For data cleaning, we went forth with dropping columns id, NA_sleep, NA_steps, min_steps, max_steps, min_sleep, max_sleep, min_sleep_eff, max_sleep_eff. Id is a randomized number that does not have strict association with the participant, thus being removed from the dataset. NA_sleep and NA_steps are the number of days for each participant where sleep and steps were not measured. Because each participant had differing study lengths, we decided this was necessary to remove since having this value would not be helpful in our analysis. In relation, our group kept the variables perc_NA_sleep and perc_NA_steps because they contain the information about NA_sleep and NA_steps with correlation to the participant's unique study length. The min and max for sleep, steps, and sleep efficiency are also omitted because the average variable kept in our dataframe for each sleep, steps, and sleep efficiency will help see the general trend. 

Our group replaced the values 1 and 2 with 0 and 1 to keep consistent with common data wrangling practice. 0 represents males while 1 represents females. We converted average steps from float to integer since the hanging decimal is not helpful for our analysis. Average sleep was originally measured in minutes.

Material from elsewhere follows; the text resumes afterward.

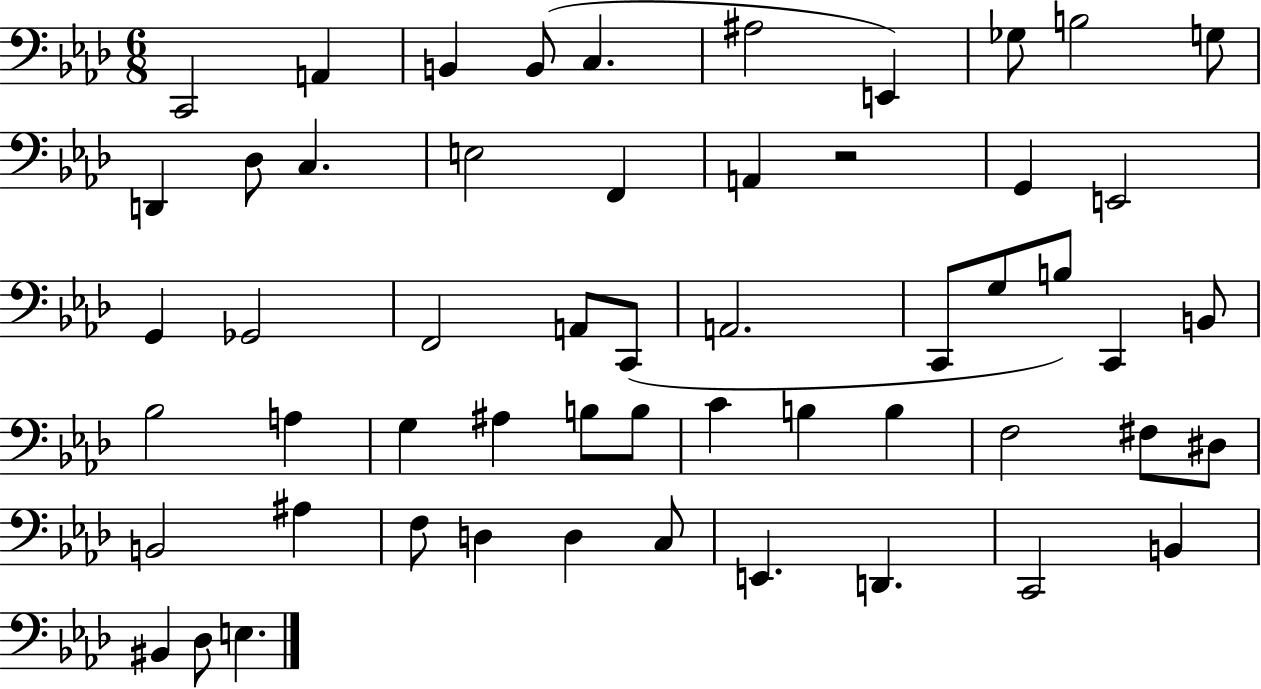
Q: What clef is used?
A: bass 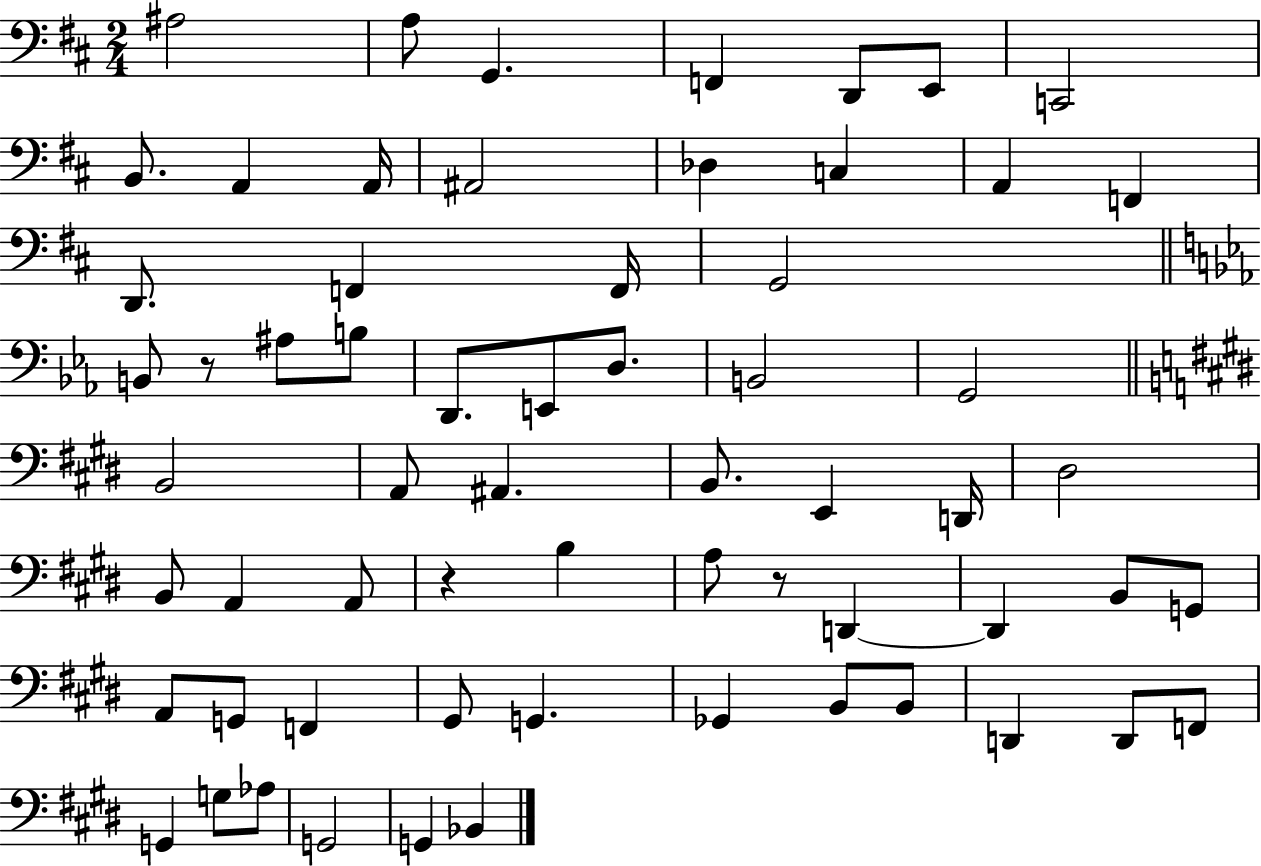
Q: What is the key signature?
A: D major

Thus, we converted the average sleep to hours to generate a more digestable, meaningful integer to work with for our data analysis. 

In [6]:
# drop unused columns for future data analysis
df = df.drop(columns=['id', 'NA_sleep', 'NA_steps', 'min_steps', 'max_steps', 'min_sleep', 'max_sleep', 'min_sleep_eff', 'max_sleep_eff'], axis=1)

# male will be represented as 0 and females 1
df['sex'] = df['sex'].replace([1, 2], [0,1])

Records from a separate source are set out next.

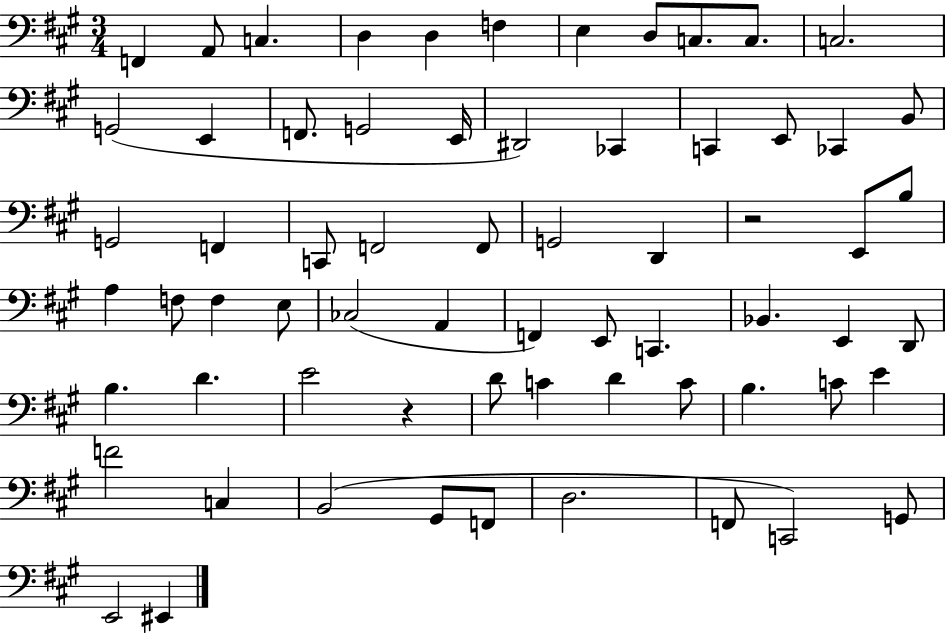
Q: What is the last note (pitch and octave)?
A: EIS2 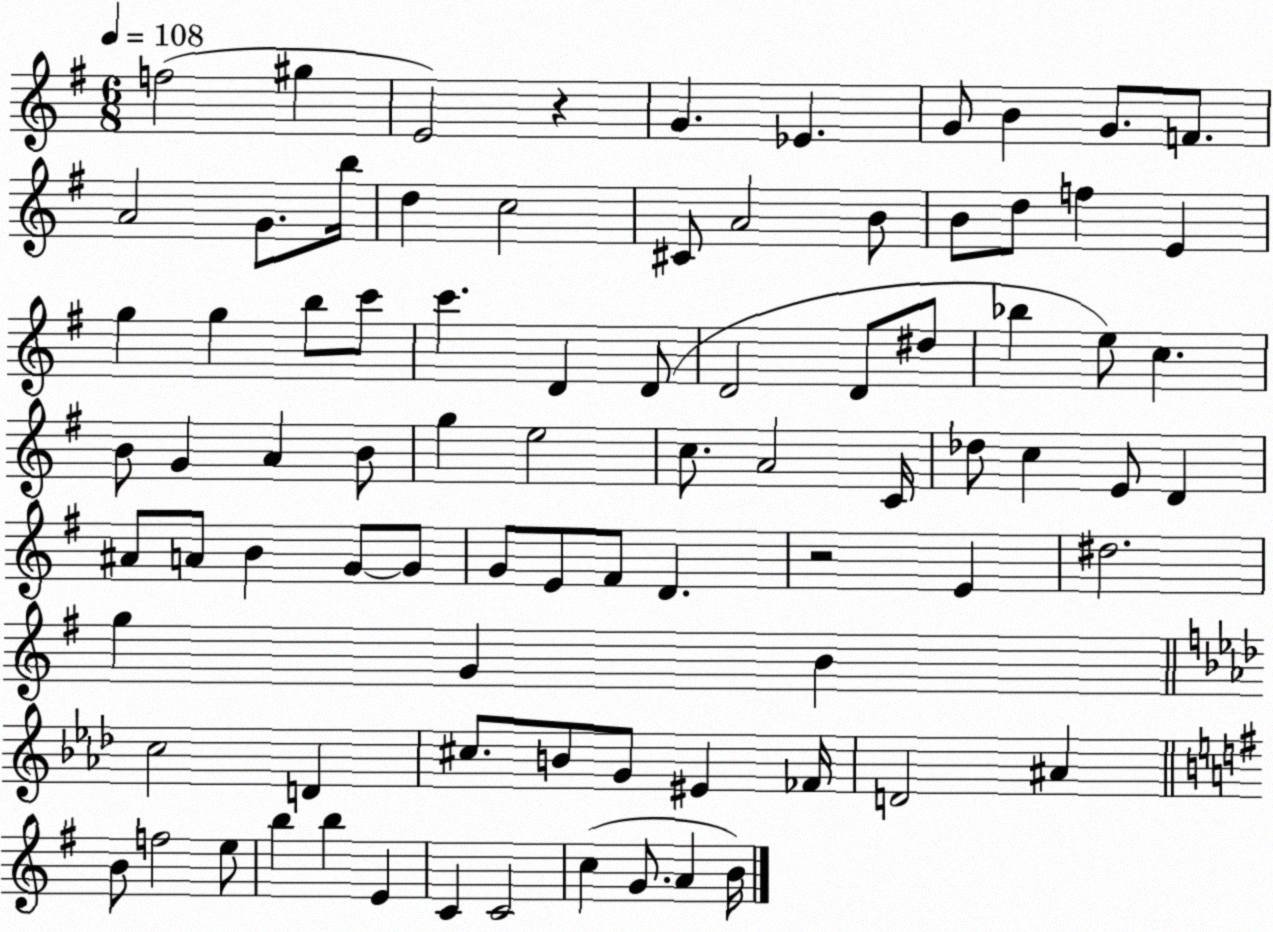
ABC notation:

X:1
T:Untitled
M:6/8
L:1/4
K:G
f2 ^g E2 z G _E G/2 B G/2 F/2 A2 G/2 b/4 d c2 ^C/2 A2 B/2 B/2 d/2 f E g g b/2 c'/2 c' D D/2 D2 D/2 ^d/2 _b e/2 c B/2 G A B/2 g e2 c/2 A2 C/4 _d/2 c E/2 D ^A/2 A/2 B G/2 G/2 G/2 E/2 ^F/2 D z2 E ^d2 g G B c2 D ^c/2 B/2 G/2 ^E _F/4 D2 ^A B/2 f2 e/2 b b E C C2 c G/2 A B/4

# convert average steps to integer to remove hanging decimal
df['avg_steps'] = df['avg_steps'].astype(int)

df

Unnamed: 0,sex,age,study_length,perc_NA_sleep,perc_NA_steps,avg_steps,avg_sleep,avg_sleep_eff
0,1,20,264,1.0,1.0,13534,449.732075,0.874021
1,0,23,158,1.0,1.0,16091,384.937107,0.870252
2,1,33,267,0.996255,1.0,7823,432.782772,0.89601
3,0,23,197,0.994924,1.0,10613,406.436548,0.859374
4,0,20,142,0.992958,0.992958,4369,488.288732,0.874954
5,1,34,264,0.992424,1.0,8850,441.342205,0.879201
6,0,23,121,0.991736,1.0,14627,387.578512,0.865412
7,0,24,108,0.990741,1.0,13420,327.87037,0.884474
8,1,35,106,0.990566,1.0,7815,476.160377,0.85019
9,1,34,284,0.985915,1.0,11921,393.391459,0.869055


In [7]:
def standardize_sleep(minutes):
    return minutes / 60

In [8]:
# convert average sleep from minutes to hours
df['avg_sleep'] = df['avg_sleep'].apply(standardize_sleep)
df

Unnamed: 0,sex,age,study_length,perc_NA_sleep,perc_NA_steps,avg_steps,avg_sleep,avg_sleep_eff
0,1,20,264,1.0,1.0,13534,7.495535,0.874021
1,0,23,158,1.0,1.0,16091,6.415618,0.870252
2,1,33,267,0.996255,1.0,7823,7.213046,0.89601
3,0,23,197,0.994924,1.0,10613,6.773942,0.859374
4,0,20,142,0.992958,0.992958,4369,8.138146,0.874954
5,1,34,264,0.992424,1.0,8850,7.355703,0.879201
6,0,23,121,0.991736,1.0,14627,6.459642,0.865412
7,0,24,108,0.990741,1.0,13420,5.464506,0.884474
8,1,35,106,0.990566,1.0,7815,7.936006,0.85019
9,1,34,284,0.985915,1.0,11921,6.556524,0.869055


### Check to ensure all Correct Data Types

In [9]:
df.dtypes

sex                int64
age                int64
study_length       int64
perc_NA_sleep    float64
perc_NA_steps    float64
avg_steps          int64
avg_sleep        float64
avg_sleep_eff    float64
dtype: object

# Ethics & Privacy

With this research topic investigating the correlation between intensity of exercise and quality of sleep, it is critical to consider the ethical constraints regarding this research.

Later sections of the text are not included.